Hoffe jemand kann mit helfen.

Hey,
vielleicht hilft dir schon Wikipedia weiter (http://de.wikipedia.org/wiki/Southern_Blot)

Aber ich habe mit meinem Biokurs mal einen Exkurs an der Ruhruni in Bochum gemacht wo wir eine komplette PCR durchgeführt haben. Ich habe noch das Heft wo alle Arbeitsschritte erklärt werden.
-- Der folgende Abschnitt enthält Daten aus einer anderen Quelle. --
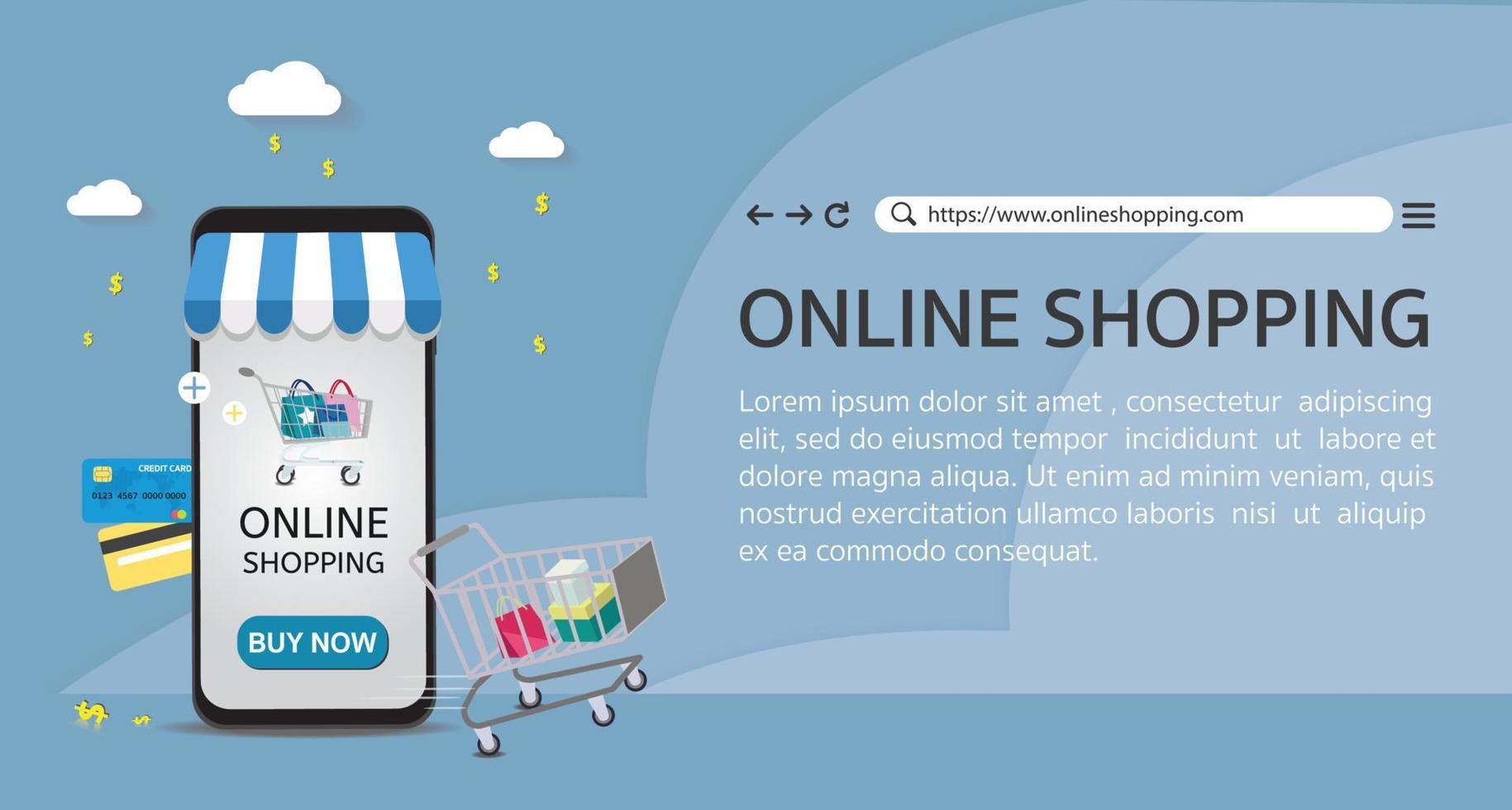 Online-Shopping-Konzept. Vektor-Illustration des Online-Shopping-Konzepts. Online-Shopping-Banner, Kopierraum vektor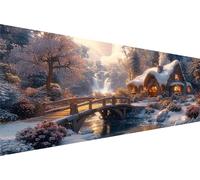 Diamond Art Snow House Dimond Art Adults Small Bridge Diamond Painting,5D Large Mosaic Crafts Adults,Diy Full Drill Rhinestone Cross Stitch Painting Crafts Pictures Kits Home Decor 50x100cm Q1-702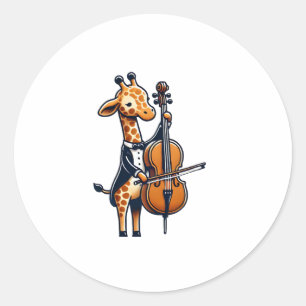 Adesivo Girafa Bonita Tocando Cello Girafas Músicas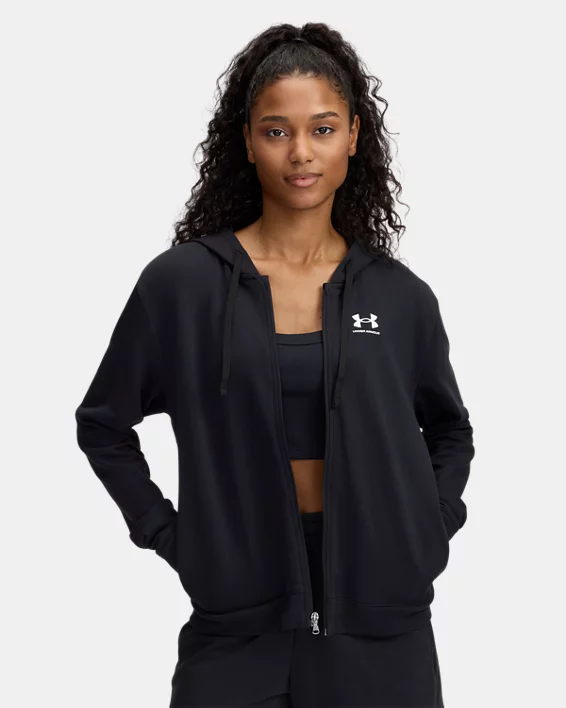 Under Armour Sudadera con cremallera completa UA Rival Terry para mujer   Oferta exclusiva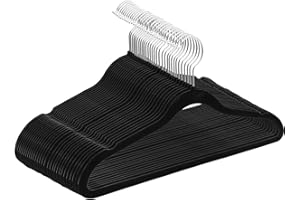 ABHENG Velvet Hangers 30 Pack, Non-Slip Clothes Hangers, Heavy Duty Coat Hangers for Closet with 360° Swivel Hook, Slim Durable Suit Hangers for Space Saving, 16.9”L x 0.2”W x 8.7”H, Black, UAFY0130B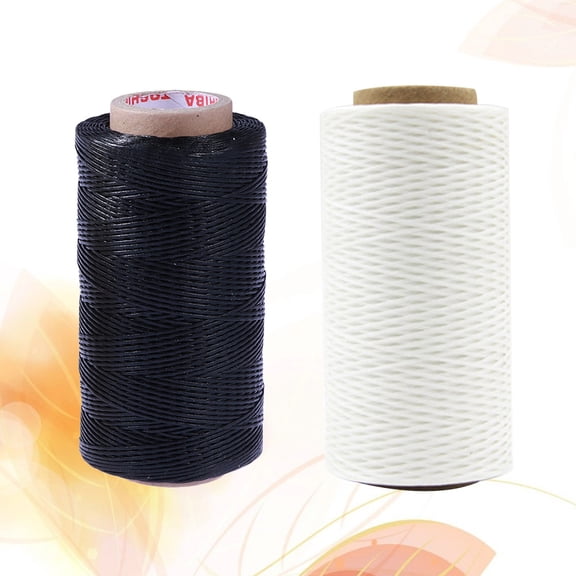 LOLIPPYY 2Pcs Black Waxed Needle Thread for DIY Hand Stitching Sewing Craft Accessories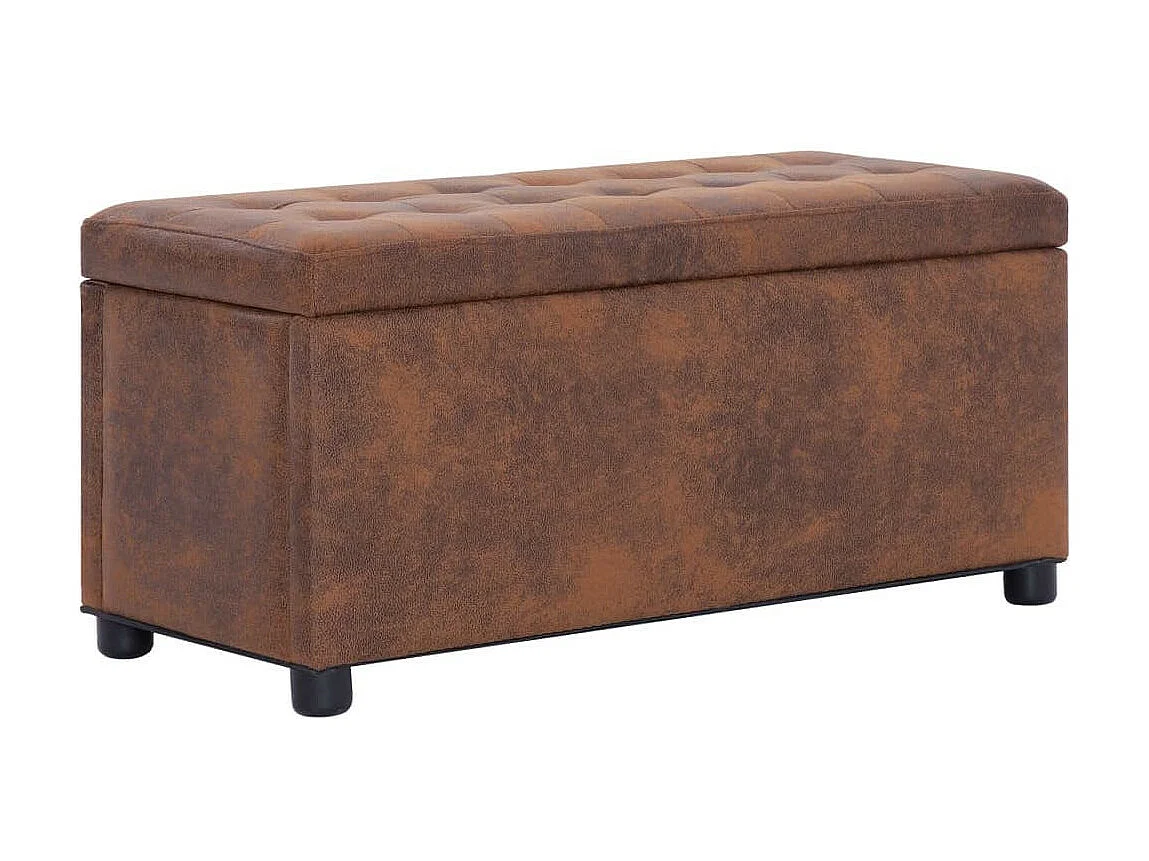 Banc coffre vintage simili cuir marron vieilli Barielle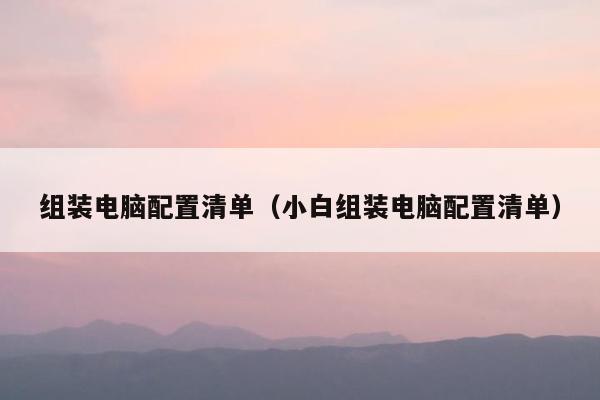 组装电脑配置清单（小白组装电脑配置清单）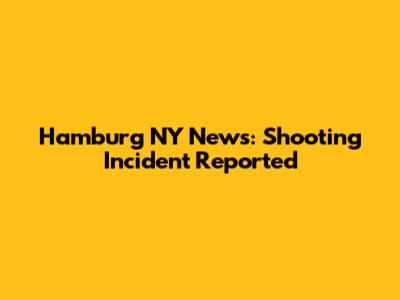 Hamburg NY News: Shooting Incident Reported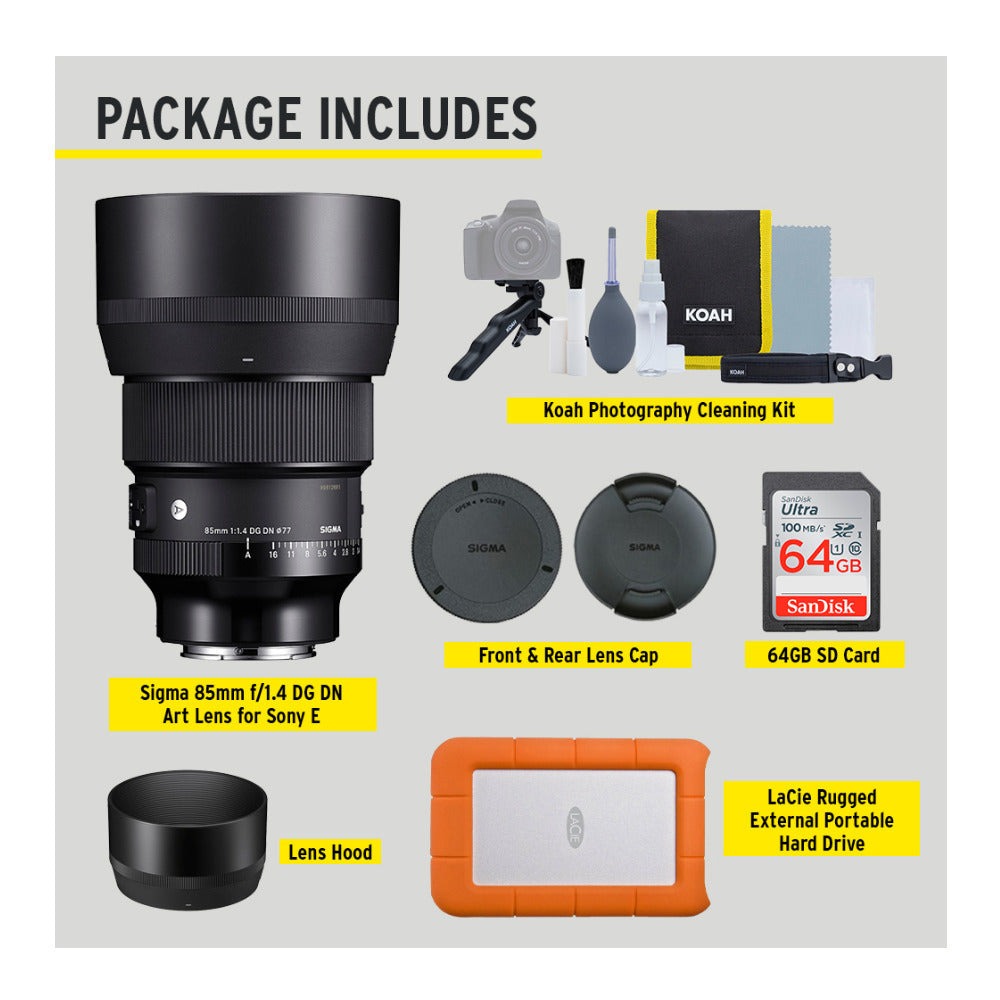 Sigma 85mm f/1.4 DG DN Art Lens for Sony E with LaCie 1TB HDD Bundle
Wenn du willst kann ich dir das einscannen und schicken!

hey, danke die seite hilft mir schon weiter..aber wäre wirklich voll wenn du mir dieses heft schicken könntest. am besten per email an:krine@(Link automatisch entfernt)
schonmal vielen vielen dank dafür

southern blotting


Fragmente werden durch alkalien in einzelstränge gespalten und auf nitrozellulose-folie übertragen, wo sie fest gebunden werden. zu den fixierten fragmenten gibt man gensonden, kurze dna-einzelstränge mit bekannter basenfolge, die markiert sind. liegen auf den fragmenten komplementäre abschnitte vor, werden die gensonden daran gebunden. andernfalls können sie leicht vom trägermaterial abgewaschen werden. durch auflegen eines strahlungsempfindlichen films oder bestrahlung mit uv-licht zur fluoresenz werden die markierten dna-fragmente sichtbar gemacht.